First of all , Distance is a scalar Quantity. It has only magnitude, no Direction. Hence it can never be zero ( always positive).

If we try to draw a speed vs the graph, we can say that the area under the speed time graph shall give us Distance.

Mathematically , it can be denoted as :

$\boxed { \huge{ \red{x= \displaystyle \int \: v \: dt}}}$

Calculation:

Let's try to frame an equation :

Let final Velocity be v

$\boxed{ \huge{ \green{v = u + at}}}$

$= > v = 10 + ( - 2)t$

$= > v = 10 - 2t \: .....(1)$

Comparing this equation with

$\boxed{ \huge{ \blue{ \bold{y = mx + c}}}}$

We have positive intercept and negative slope.

So we get the graph as attached in the photo.

• Put t = 0 s , we get v = 10 m/s

• Put v = 0 m/s , we get t= 5 s

Now after t = 5 seconds, the Velocity time graph goes below the + y axis.

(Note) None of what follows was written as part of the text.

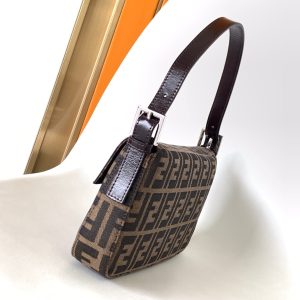 Fendi Baguette 27 Shoulder Bag Brown FF Jacquard Fabric Bag Shw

Put t = 10 s , we get v = -10 m/s

So distance is given by the total area under the Velocity time graph :

$d = sum \: of \: area \: of \: 2 \: \Delta s$

$= > d = \bigg \{\frac{1}{2} \times 10 \times 5 \bigg \} + \bigg \{ \frac{1}{2} \times 10 \times 5 \bigg \}$

$= > d = 25 + 25$

$= > d = 50 \: metres$

So final answer :

$\boxed{ \sf{ \orange{ \huge{d = 50 \: m}}}}$